Factors driving energy use and costs
Rainfall and Flow
Seattle’s annual average 38 inches of rainfall significantly influences the volume flowing into West Point Treatment Plant’s combined wastewater and stormwater system. Treating this rainwater, in addition to wastewater, increases energy consumption. Across our collection system, the infiltration and inflow of stormwater and groundwater into sewer lines through cracks, holes, joint failures, and direct connections can also account for upwards to 60 to 70 percent of the flow.
Annual average outdoor temperature ranges between 40 and 66 degrees and even colder temperatures off Elliott Bay can impact our shoreline facilities considerably. Anaerobic digester feed systems need to maintain a temperature of about 98 degrees to sustain microbial metabolic functioning.
As more people move to our region, WTD must add capacity to the system. With careful planning, treatment plants are able to treat increased volumes of wastewater from residential and business sources. Accommodating increased capacity also means accommodating community expectations that wastewater treatment services are safe, reliable, thorough, and do not negatively impact property values.
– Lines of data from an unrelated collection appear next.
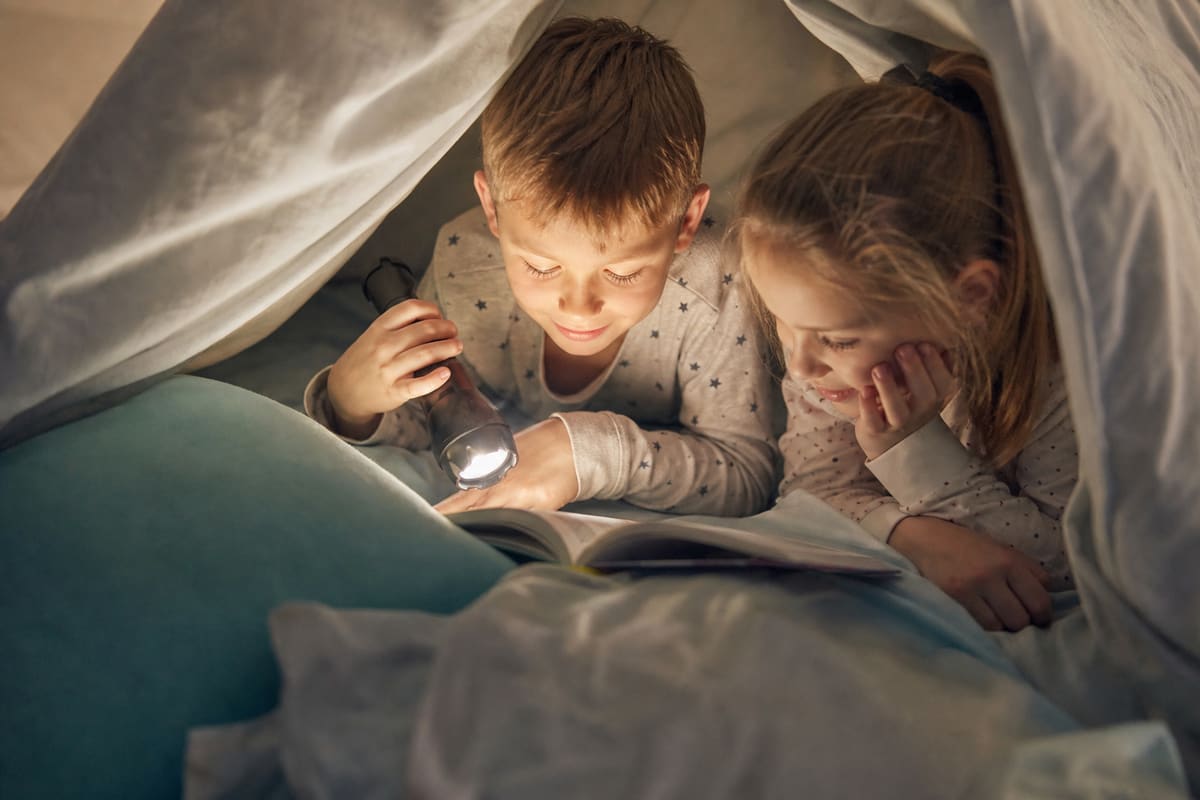 Deux enfants en pyjama allongés côte à côte sous une couverture, lisant un livre à la lampe torche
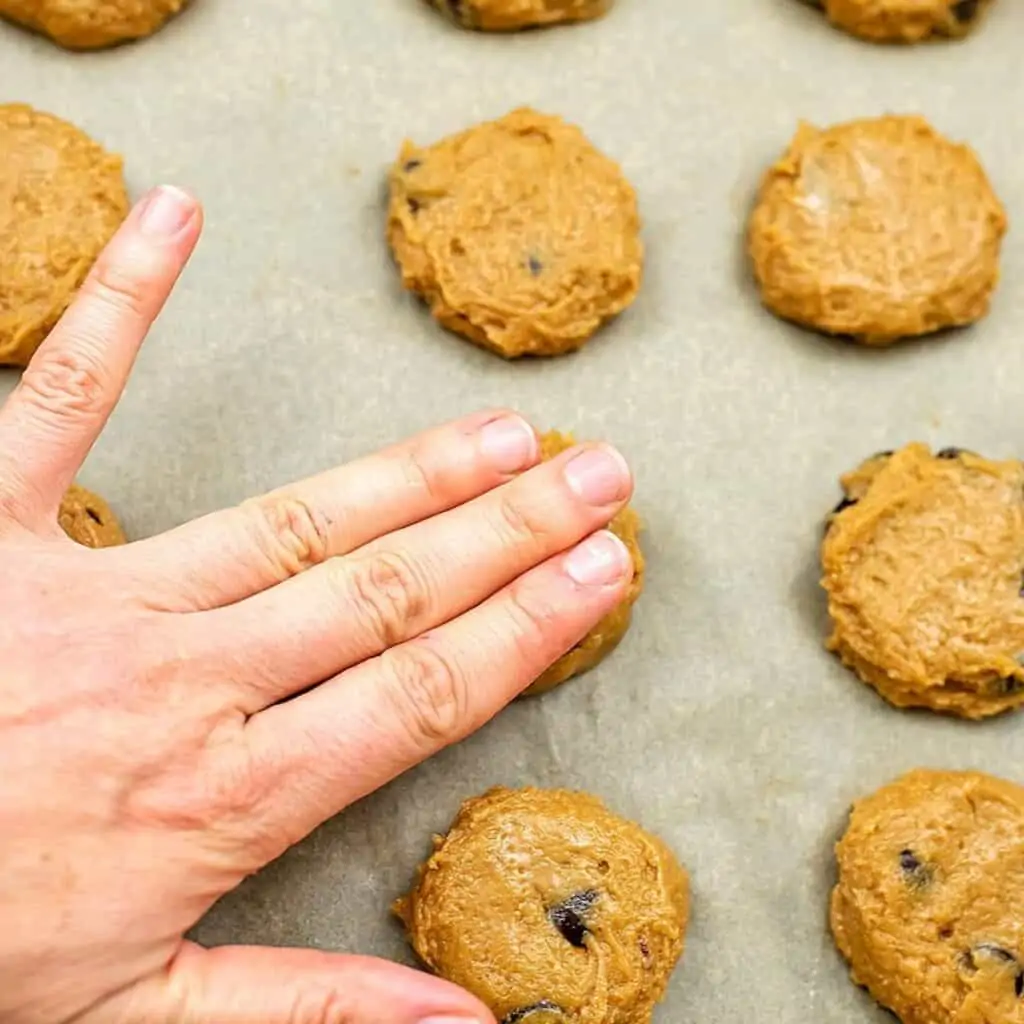 Hand flattening cookies on baking sheet.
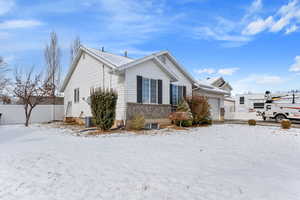 View of snowy exterior featuring a garage and central AC unit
Control of odors has become a primary design consideration for most collection and treatment facilities. As development encroaches on WTD facilities and as new facilities are built, controlling nuisance odors is an important step toward mitigating WTD’s presence in a community. Odor reduction involves forcing large volumes of fouled air through scrubbers such as carbon filters – an energy-intensive process that contributes to energy consumption regardless of the quality or quantity of water treated.
Wastewater Treatment Technologies
WTD’s goal is to meet or exceed our permit standards in all facets of operation. While the environmental benefit of treatment is undeniable, each level of treatment requires incrementally more energy. Primary and secondary treatment technologies remove a majority of the suspended solids and dissolved contaminants found in wastewater. Advanced treatment technologies further improve the quality of effluent to meet regulatory limits for recycled water that can be used for non-drinking purposes.